Deciding to add the word ‘no’ to your toolbox is no small thing. Perhaps you already say ‘no’ but not as much as you would like. Maybe you have an instinct that if you were to learn the art of ‘no’ that you could finally create more time for things you care about. But let’s be honest, using the word ‘no’ doesn’t come easily for many people.

The 3 Rules of Thumbs for Saying No

1. You Need to Get Out of Your Comfort Zone

Let’s face it. It is hard to say no. Setting boundaries around your time especially you haven’t done it much in the past will feel awkward.

2. You Are the Air Traffic Controller of Your Time

Remember that you are the only one who understands the demands for your time. Think about it, who else knows about all of the demands on your time? No one. Only you are at the center of all of these requests. are the only one that understands what time you really have.

3. Saying ‘No’ Means Saying ‘Yes’ to Something That Matters

When we decide not to do something, it means we can say yes to something else.
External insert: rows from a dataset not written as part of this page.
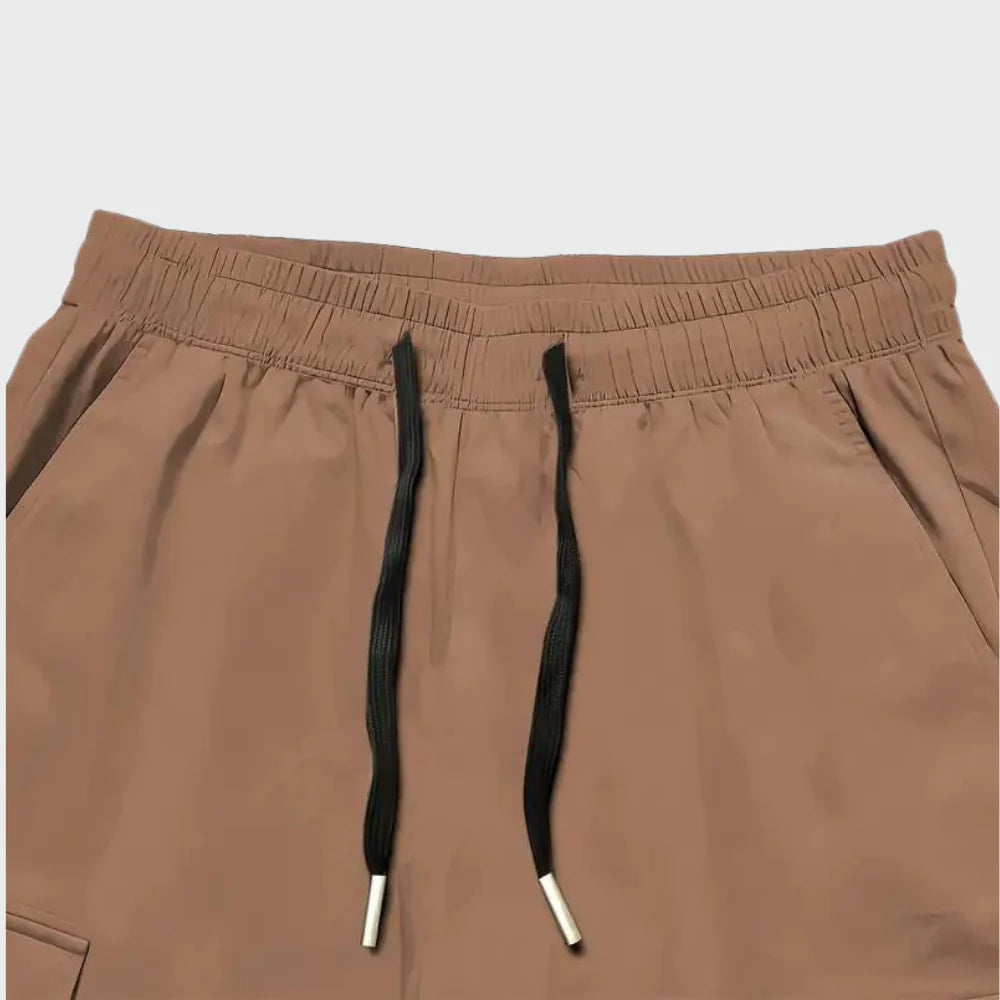 Functionele en stijlvolle cargo broek heren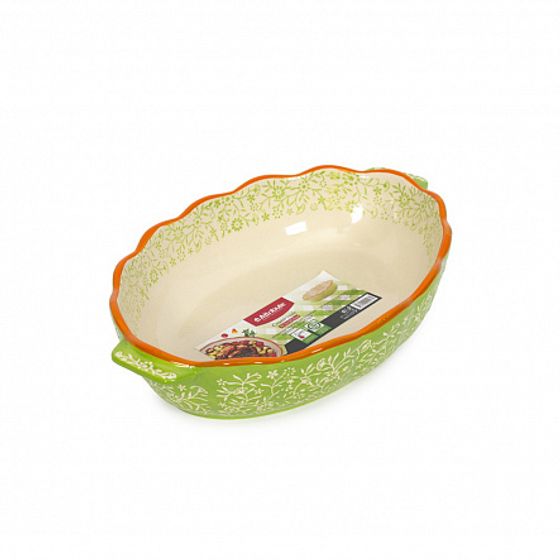 Форма для запекания COUNTRYSIDE 32.5х20.5см овальная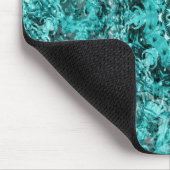 マーメイドの喜び..... マウスパッド (コーナー)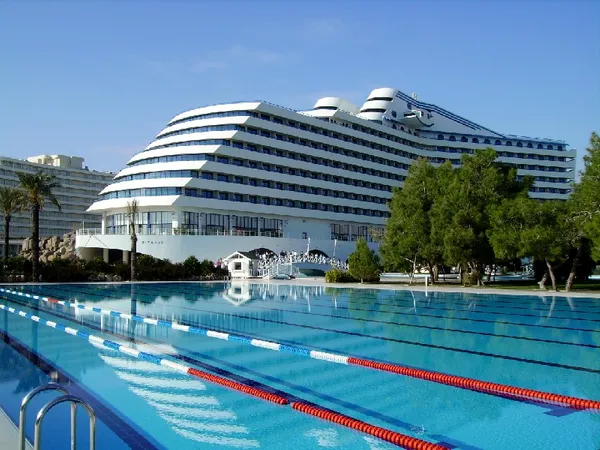 Hotel Titanic Deluxe Lara Turkey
You have a unique opportunity to decide how you spend your precious time.

6 Ways to Start Saying No

Incorporating that little word ‘no’ into your life can be transformational. Turning some things down will mean you can open doors to what really matters. Here are some essential tips to learn the art of no:

1. Check in With Your Obligation Meter

One of the biggest challenges to saying ‘no’ is a feeling of obligation. Do you feel you have a responsibility to say yes and worry that saying no reflect poorly on you?

Ask yourself whether you truly have the duty to say yes. Check your assumptions or beliefs about whether you carry the responsibility to say yes. Turn it around and instead ask what duty you owe to yourself.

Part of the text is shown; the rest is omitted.